● MATERIAL PROVIDED

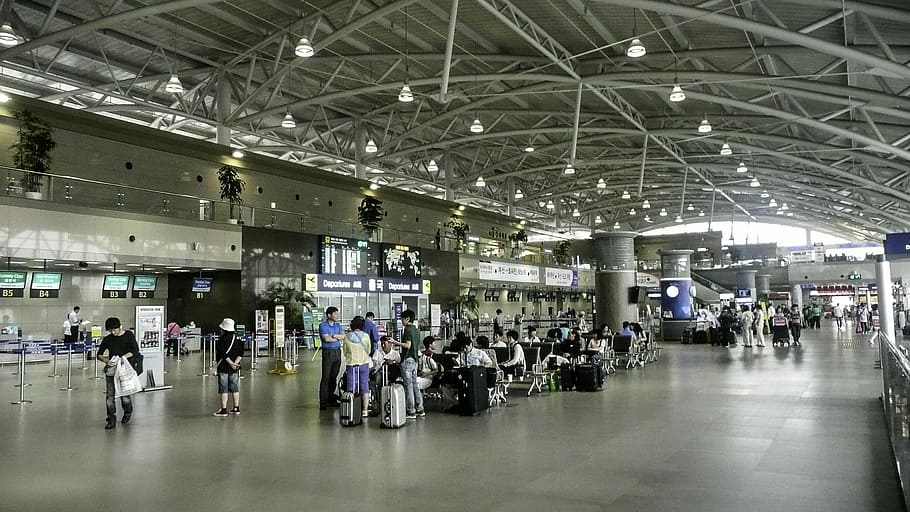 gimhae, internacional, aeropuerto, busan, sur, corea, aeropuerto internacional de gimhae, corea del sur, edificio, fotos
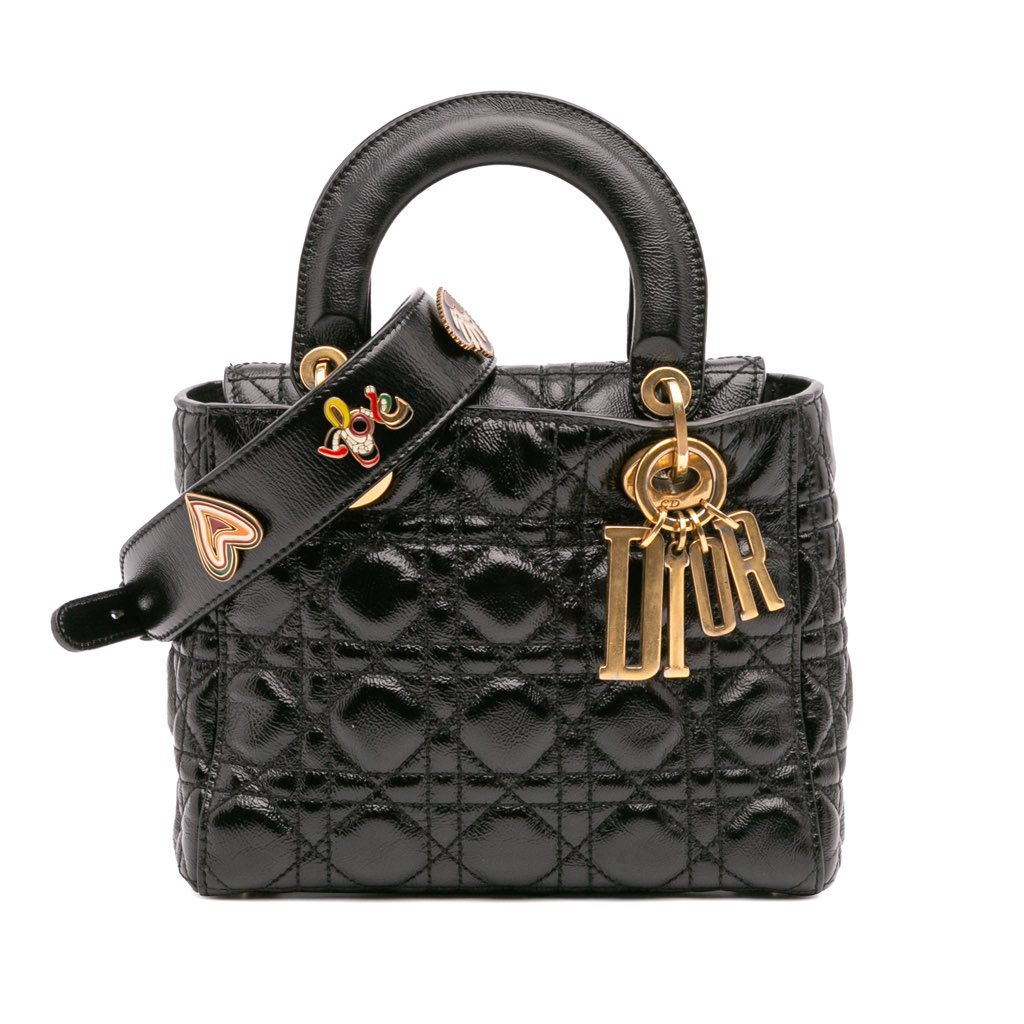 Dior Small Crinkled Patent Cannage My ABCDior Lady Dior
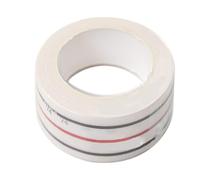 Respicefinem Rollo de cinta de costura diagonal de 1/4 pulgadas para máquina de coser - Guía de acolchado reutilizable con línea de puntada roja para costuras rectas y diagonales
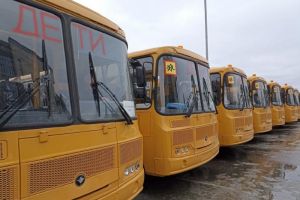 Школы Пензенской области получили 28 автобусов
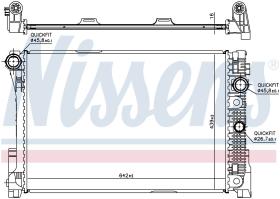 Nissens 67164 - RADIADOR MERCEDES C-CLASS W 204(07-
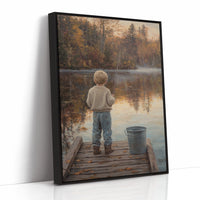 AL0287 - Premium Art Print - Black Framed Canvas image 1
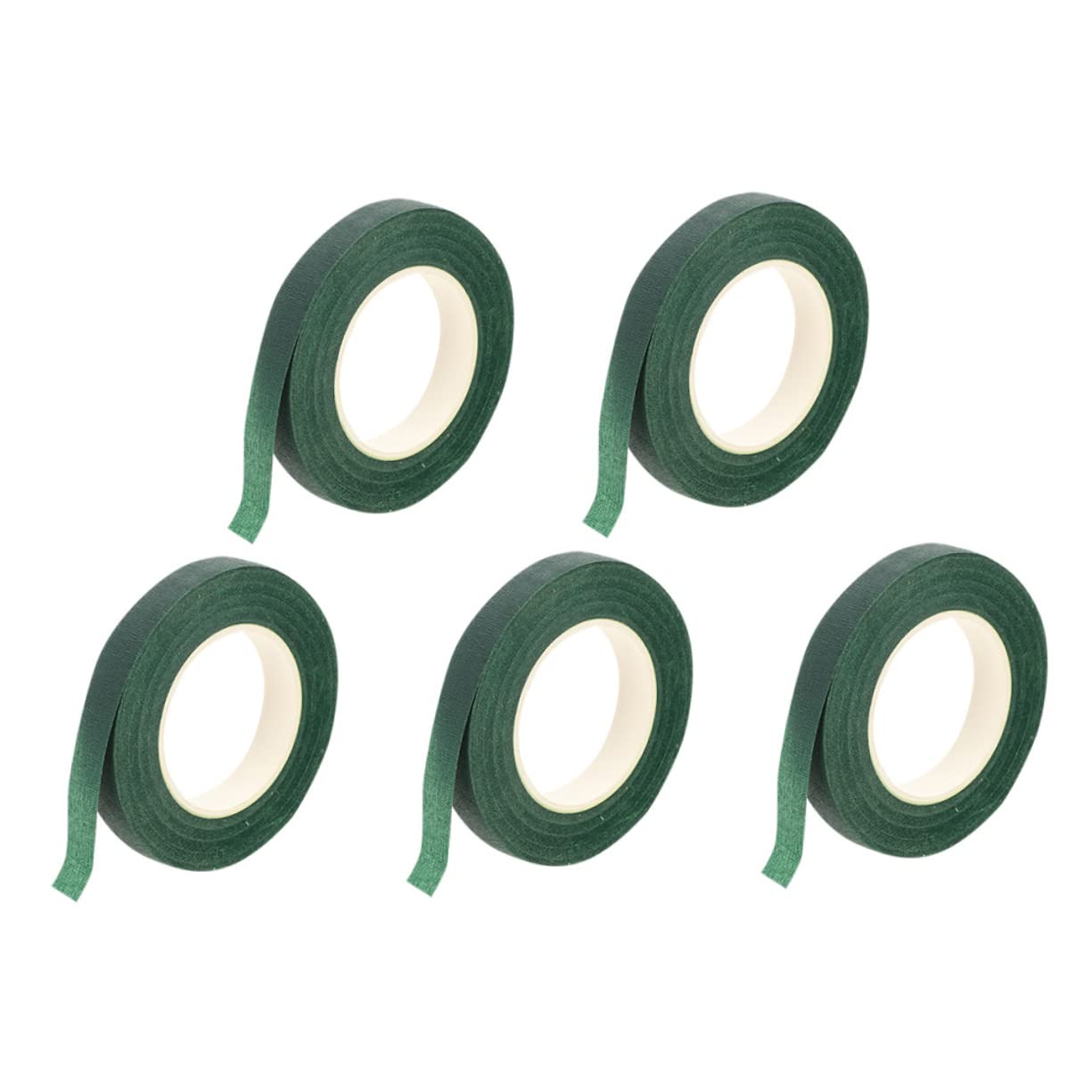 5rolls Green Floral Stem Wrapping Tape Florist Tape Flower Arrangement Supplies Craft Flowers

● AIM OF THE TASK
Return the entries exactly as given. Do not include pictures.

● EXPECTED OUTPUT
 gimhae, internacional, aeropuerto, busan, sur, corea, aeropuerto internacional de gimhae, corea del sur, edificio, fotos
 Dior Small Crinkled Patent Cannage My ABCDior Lady Dior
 Respicefinem Rollo de cinta de costura diagonal de 1/4 pulgadas para máquina de coser - Guía de acolchado reutilizable con línea de puntada roja para costuras rectas y diagonales
 Школы Пензенской области получили 28 автобусов
 Nissens 67164 - RADIADOR MERCEDES C-CLASS W 204(07-
 AL0287 - Premium Art Print - Black Framed Canvas image 1
 5rolls Green Floral Stem Wrapping Tape Florist Tape Flower Arrangement Supplies Craft Flowers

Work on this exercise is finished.